Gosport War Memorial Hospital: Families want criminal charges over painkiller deaths



The senior management of the hospital, healthcare organisations, Hampshire Constabulary, local politicians, the coronial system, the Crown Prosecution Service, the General Medical Council (GMC) and the Nursing and Midwifery Council (NMC) all failed to act in ways that would have better protected patients and relatives, whose interests some subordinated to the reputation of the hospital and the professions involved.

Police focused their previous investigation exclusively on Dr Barton.

A damning culture of failure across the United Kingdom health system was revealed Wednesday after an inquiry found that the lives of more than 450 people were cut short after staff administered powerful sedatives without regard for patient safety.

The 387-page report concluded that 456 patients were given opioids without justification and "probably at least another 200 patients similarly affected but whose clinical notes were not found".

In 2010, the General Medical Council ruled that Dr Jane Barton, who has since retired, was guilty of multiple instances of professional misconduct relating to 12 patients who died at the hospital.

The Health Secretary, Jeremy Hunt, apologised for the "catalogue of failures" by the Department of Health, the police, and the NHS at that time, and the harm caused to the families.

"When the relatives complained about the safety of patients and the appropriateness of their care, they were consistently let down by those in authority - both individuals and institutions".
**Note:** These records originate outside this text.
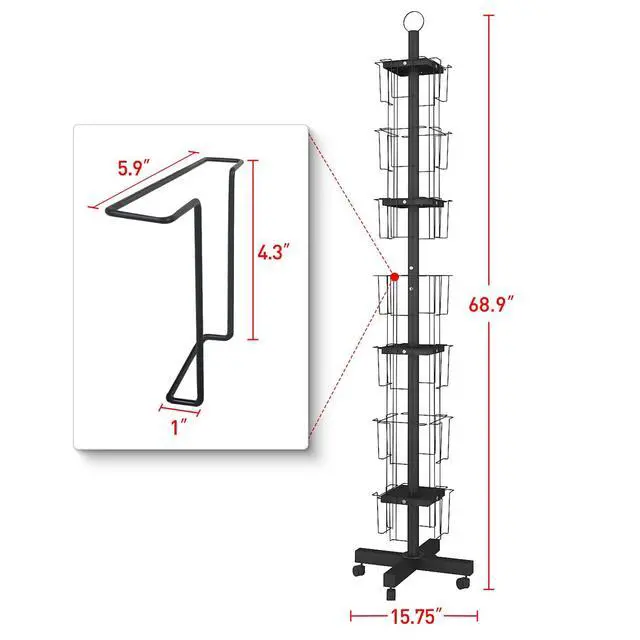 Alt view image 4 of 6 - 28 Pockets Countertop Rotating Greeting Card Rack, 7 Tier magazine Display Stand Rotating magazine rack for Postcards, Brochures, and Greeting Card (28 Pockets)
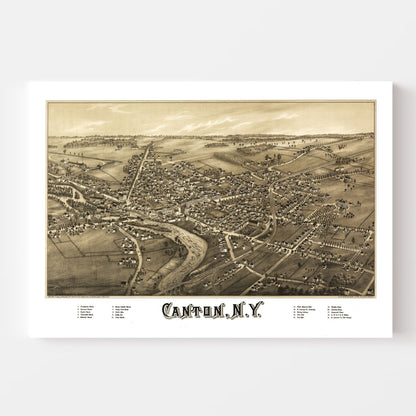Vintage Map of Canton, New York, 1885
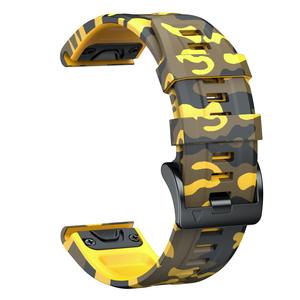 Correa de reloj de silicona de goma suave de camuflaje impresa de liberación rápida de 22mm y 26mm para Garmin <span class=keywords><strong>Fenix</strong></span> 5 6 7 8 6X 7X 8x - Product Image 2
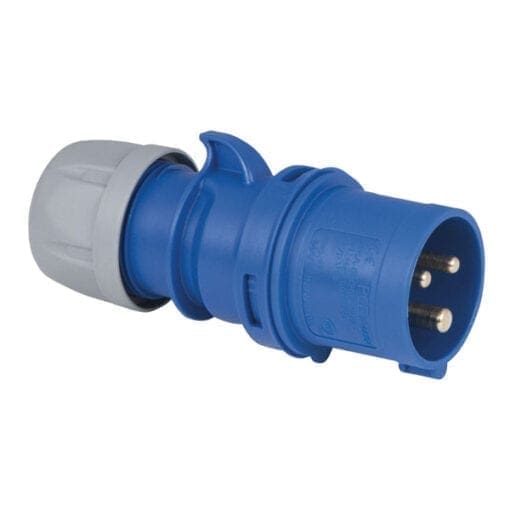 Showtec 3-polige CEE male connector 240V/16A – IP44 (blauw) Aansluitingen 240 V J&H licht en geluid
"The Secretary of State will want to ensure that families who believe they were affected by events at the hospital have the support they deserve going forward, and also to consider wider lessons".

Bishop James Jones, who led the Gosport War Memorial Hospital inquiry panel, holds a copy of the "Gosport War memorial Hospital: The Report of the Gosport Independent Panel", outside Portsmouth Cathedral in Portsmouth, Britain, June 20, 2018.

There was an "institutionalised regime" of prescribing and administering "dangerous" amounts of a medication not clinically justified at the Hampshire hospital, the report said.

The panel found that the inappropriate use of opioids began in 1989 and steadily increased until 1994.

The Panel has listened to the families and the documents now highlighted in its report reveal what those documents add to public understanding. "It became institutionalised on the wards", the panel said. In addition, consultants who "were aware" of the opioid administration "did not intervene to stop the practice". The records show that the nurses did not discharge that responsibility and continued to administer the drugs prescribed.

"It is important that a process is put in place to ensure that all of the relevant agencies come together, to enable decisions about next steps to be made in a way that is well considered and transparent to all of the families".